Amazon pays disgruntled workers up to $5K to leave
- Amazon is willing to pay less-than-happy employees to quit the company, the company confirmed in a statement to HR Dive. The online retailer offers hourly workers at its customer-service centers and warehouses up to $5,000 once a year, depending on how long they've been on staff. Employees who accept what's called "The Offer" agree not to work for the organization again.
- The Offer is essentially a form of self-select weed out, where employees who no longer feel invested in the job are given an incentive to leave. In exchange, Amazon would no longer have a likely low performer or negative influence working at the company.

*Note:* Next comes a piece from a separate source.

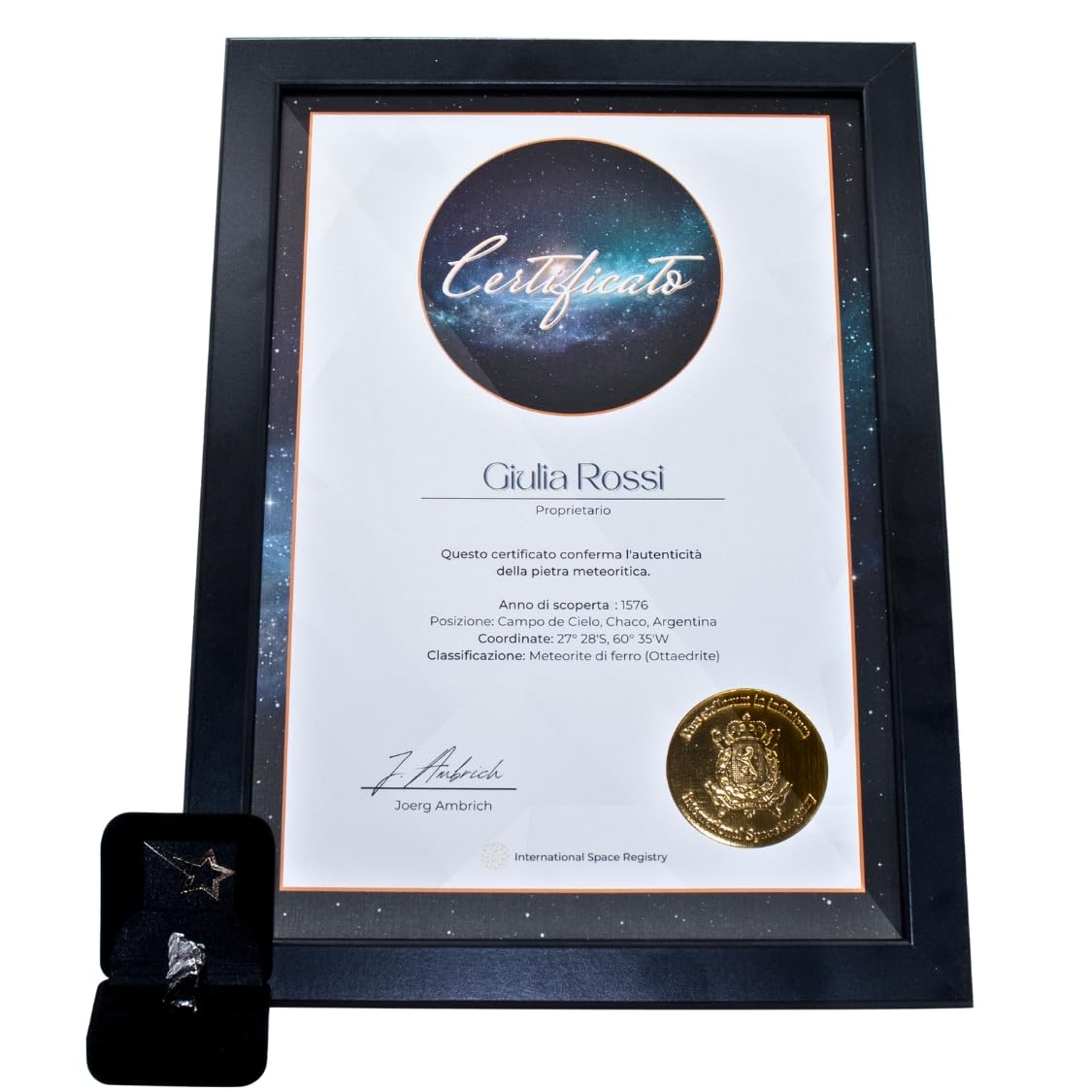 Meteorite Reale Con Certificato - Frammento Di Stella Cadente Da Campo Del Cielo, Argentina | Con Cornice Sospesa - Foto 12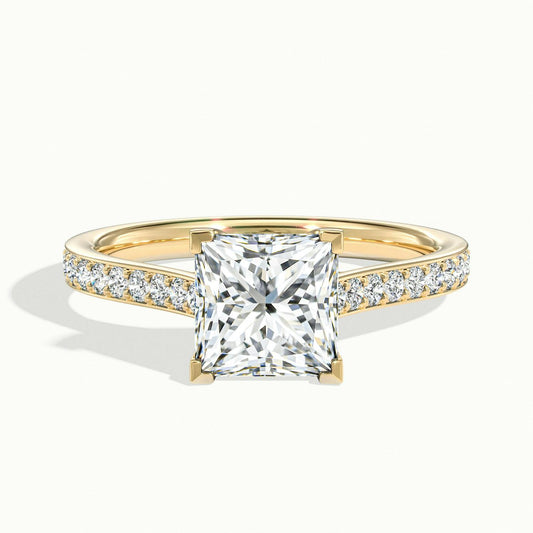 Talia Pavé 5 Carat Princess Lab Grown Diamond Side Stone Engagement Ring in 10K Yellow Gold - view 1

- Some employment experts say the dollar incentive to leave the company likely has the opposite effect on workers, however. Yale Law School professor Ian Ayres told The Atlantic that an employee who initially turns down the offer might actually become more committed to the job, at least for another year until The Offer is given again.
Zappos, the shoe retailer Amazon bought in 2009, initially used the pay-to-leave offer to get workers onboard with its transition to a "Holacracy," a business model that calls for removing job titles and flattening organizational hierarchies. It allowed workers who would struggle to adopt to the new culture to take their leave largely guilt-free.

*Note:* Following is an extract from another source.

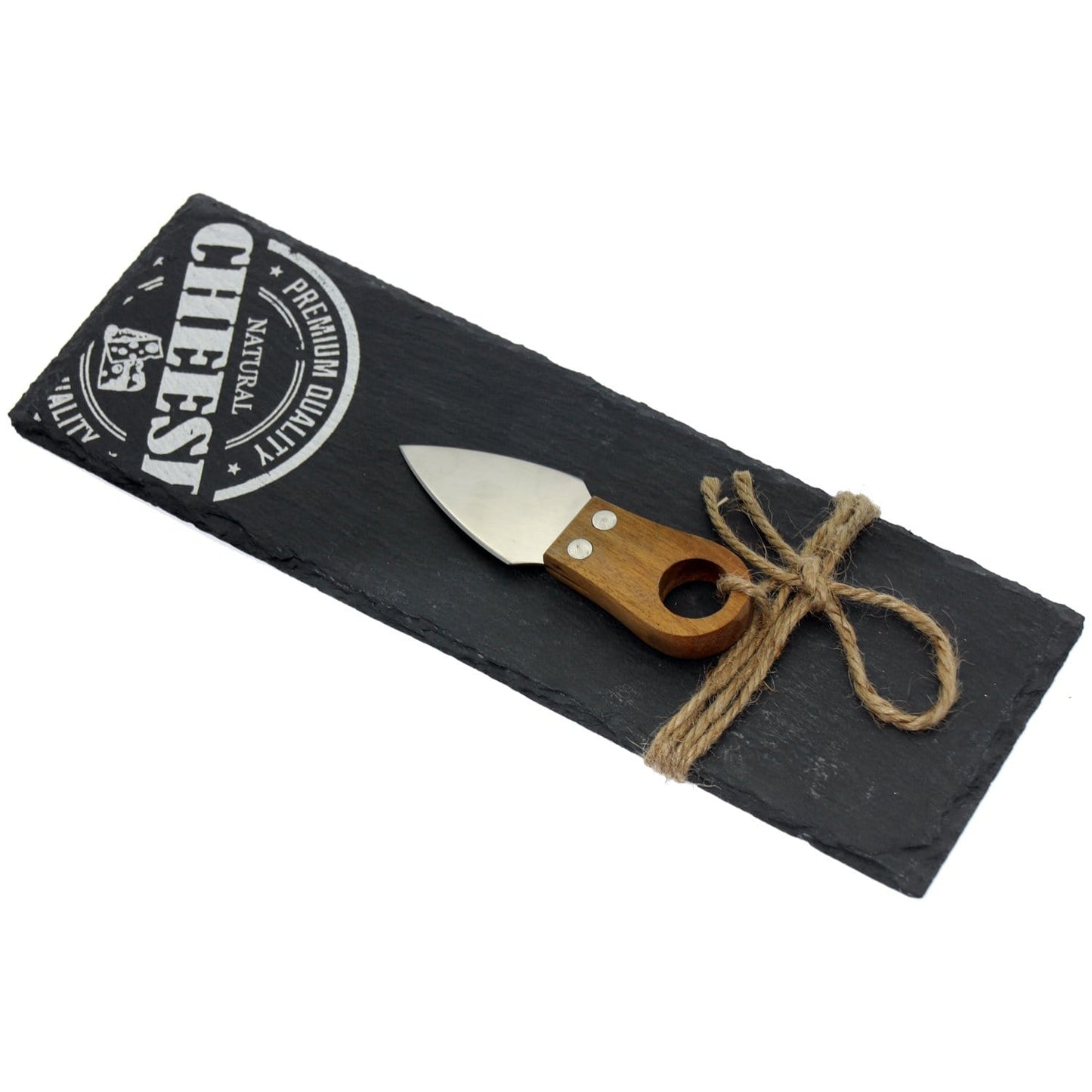 Set tagliere e coltello per formaggio in ardesia 30 x 10 cm - Dolci pensieri gift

Employers would likely rather have employees stay when possible, but employers also have a responsibility to weed out workers that are spreading negativity or otherwise dragging the rest of the workforce down. Dour attitudes can spread throughout an organization, creating an unhappy work environment all around.
At its core, company culture is about how and why employees do the work. Employers can encourage employees to take ownership of their work and can create a meaningful work experience where employees can improve their skills, make mistakes and feel included. But not all cultures can fit every employee.